Action item —
Ignoring every picture, transcribe the data in full as it stands.

--- Material provided ---

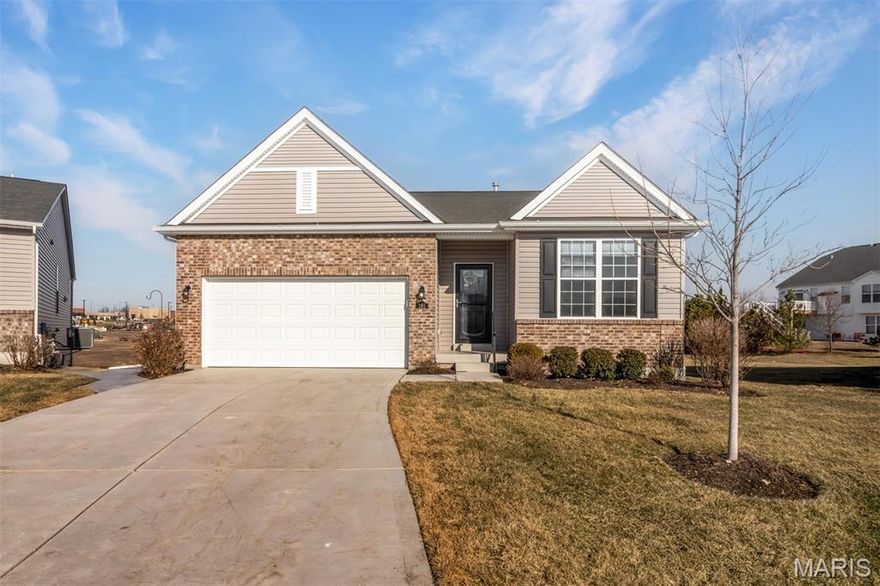 Beautiful Lake St. Louis Home! This move-in ready ranch can be found on a cul-de-sac in the Legends Pointe Community. At first glance you are welcomed with beautiful surrounding landscaping, a large driveway and covered front porch. Enter into the foyer that leads you to a nice-sized office/den and then back to the spacious open floor plan with luxury vinyl plank flooring throughout. Living room boasts tons of natural light from the large windows and a beautiful gas fireplace. The kitchen is gorgeous with custom white cabinetry, an oversized quartz countertop island with breakfast bar and stainless-steel appliances. A convenient dining area with sliding glass doors leading to the back deck finish off this open concept nicely. The sizeable master bedroom suite comes with your own private full master bathroom complete with a double sink vanity, large mirror, tons of storage, a walk-in shower and walk-in closet. Completing the upper level is one of the additional bedrooms, another suitable full bathroom and a main floor laundry room. The lower level is nicely finished with a huge open space perfect for a family room and recreational area. The ideas are endless with this much space. An additional bedroom and full bathroom complete the lower level. Now onto the exterior to highlight the back deck and patio area with an exquisite set up with a level yard, stamped concrete, covered area and an abundance of space to entertain guests. To conclude this beautiful home is a 2-car attached garage and added amenity of being conveniently located close to major highways and desirable shopping/dining destinations. Do not hesitate to come see everything this Lake St. Louis home has to offer!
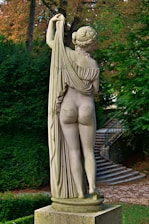 A statue of a woman holding a tree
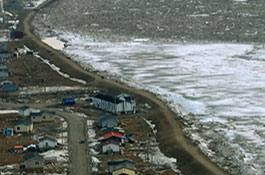 A stabilizing berm holds off ice and water from overflowing into the Kashechewan First Nation thumbnail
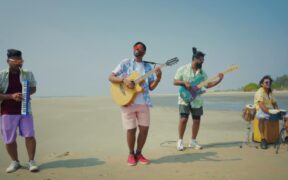 Folk Masti band members playing instruments on a beach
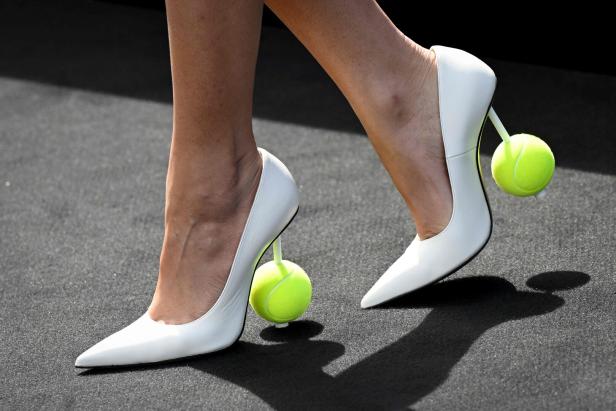 Nahaufnahme von weißen High Heels mit Tennisbällen als Absätze.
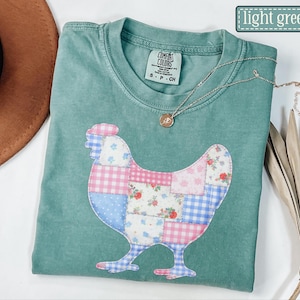 Peut inclure: T-shirt vert clair avec un motif de poulet en patchwork. Le poulet est fait de divers tissus à motifs, notamment des motifs floraux, vichy et de couleurs unies. Le t-shirt a un col rond et des manches courtes. Un collier en or avec un pendentif est sur le t-shirt.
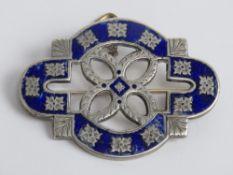 A large and heavy white metal brooch having blue enamel foliate pattern, 5.2cm wide.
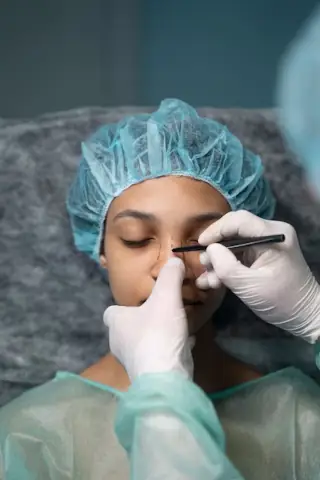 image of Rhinoplasty (Nose Job) underway by a plastic surgeon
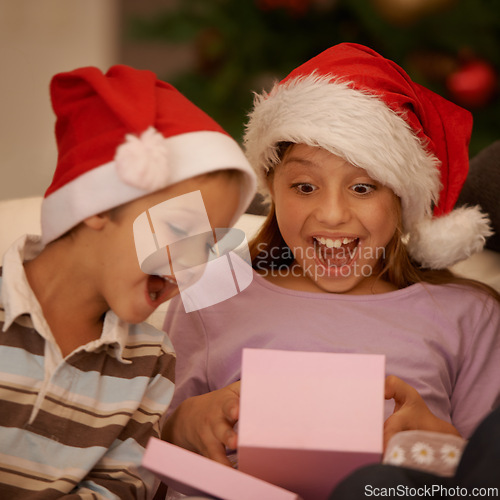 Image of Wow, children and surprise with a Christmas gift for tradition, celebration or festive joy in their home. Siblings, box and kids in living room unboxing present for holiday, event or package in house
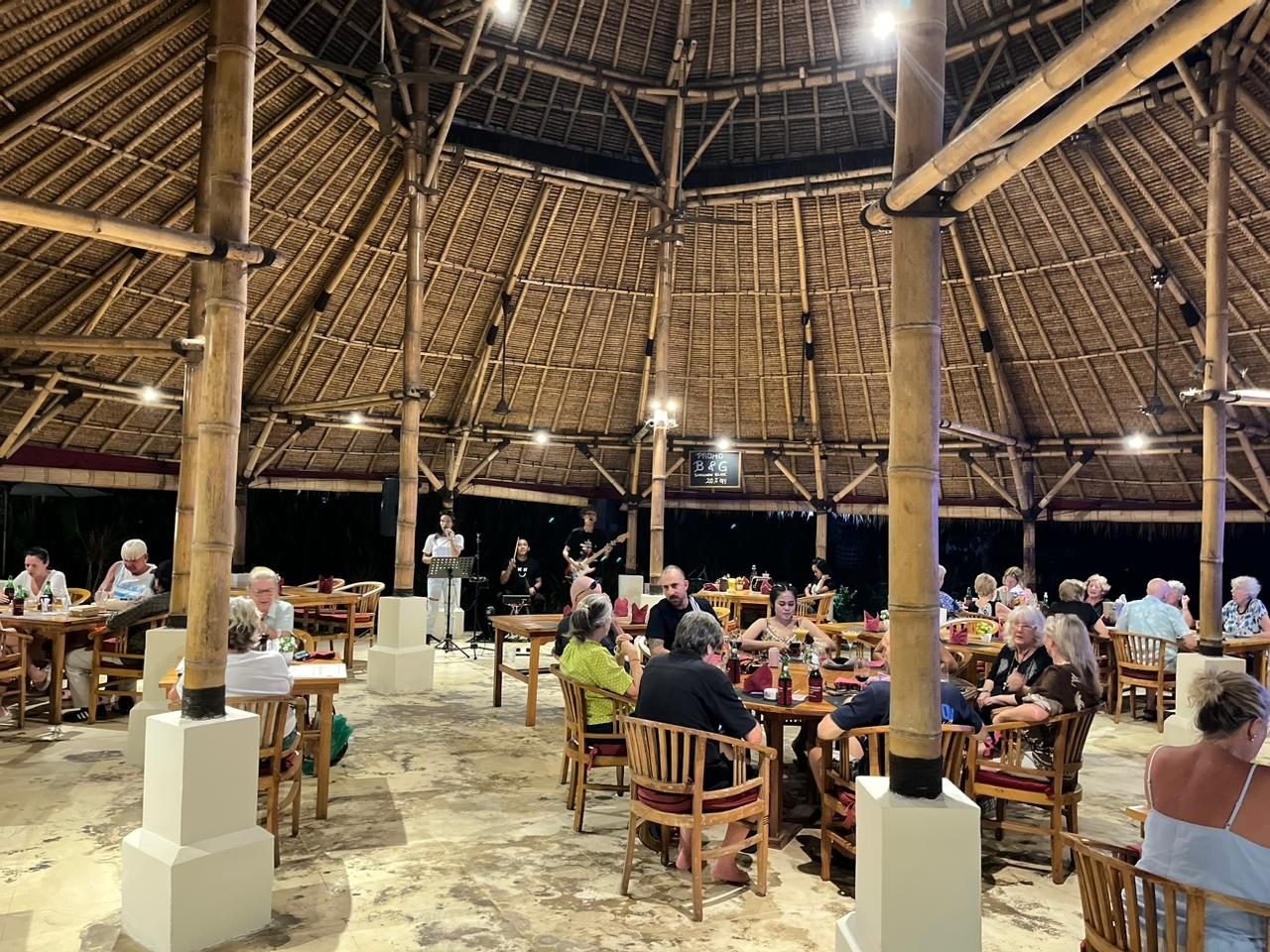 Guests dining under the thatched roof with live music at The Dining Room Candidasa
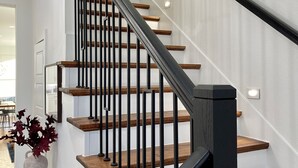 A modern staircase with wooden steps and black metal railings, leading to an upper floor. - Spacious 4BR Retreat, Sleeps 10, Backyard + Near Dallas (Dallas)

---

Response box —
 Beautiful Lake St. Louis Home! This move-in ready ranch can be found on a cul-de-sac in the Legends Pointe Community. At first glance you are welcomed with beautiful surrounding landscaping, a large driveway and covered front porch. Enter into the foyer that leads you to a nice-sized office/den and then back to the spacious open floor plan with luxury vinyl plank flooring throughout. Living room boasts tons of natural light from the large windows and a beautiful gas fireplace. The kitchen is gorgeous with custom white cabinetry, an oversized quartz countertop island with breakfast bar and stainless-steel appliances. A convenient dining area with sliding glass doors leading to the back deck finish off this open concept nicely. The sizeable master bedroom suite comes with your own private full master bathroom complete with a double sink vanity, large mirror, tons of storage, a walk-in shower and walk-in closet. Completing the upper level is one of the additional bedrooms, another suitable full bathroom and a main floor laundry room. The lower level is nicely finished with a huge open space perfect for a family room and recreational area. The ideas are endless with this much space. An additional bedroom and full bathroom complete the lower level. Now onto the exterior to highlight the back deck and patio area with an exquisite set up with a level yard, stamped concrete, covered area and an abundance of space to entertain guests. To conclude this beautiful home is a 2-car attached garage and added amenity of being conveniently located close to major highways and desirable shopping/dining destinations. Do not hesitate to come see everything this Lake St. Louis home has to offer!
 A statue of a woman holding a tree
 A stabilizing berm holds off ice and water from overflowing into the Kashechewan First Nation thumbnail
 Folk Masti band members playing instruments on a beach
 Nahaufnahme von weißen High Heels mit Tennisbällen als Absätze.
 Peut inclure: T-shirt vert clair avec un motif de poulet en patchwork. Le poulet est fait de divers tissus à motifs, notamment des motifs floraux, vichy et de couleurs unies. Le t-shirt a un col rond et des manches courtes. Un collier en or avec un pendentif est sur le t-shirt.
 A large and heavy white metal brooch having blue enamel foliate pattern, 5.2cm wide.
 image of Rhinoplasty (Nose Job) underway by a plastic surgeon
 Image of Wow, children and surprise with a Christmas gift for tradition, celebration or festive joy in their home. Siblings, box and kids in living room unboxing present for holiday, event or package in house
 Guests dining under the thatched roof with live music at The Dining Room Candidasa
 A modern staircase with wooden steps and black metal railings, leading to an upper floor. - Spacious 4BR Retreat, Sleeps 10, Backyard + Near Dallas (Dallas)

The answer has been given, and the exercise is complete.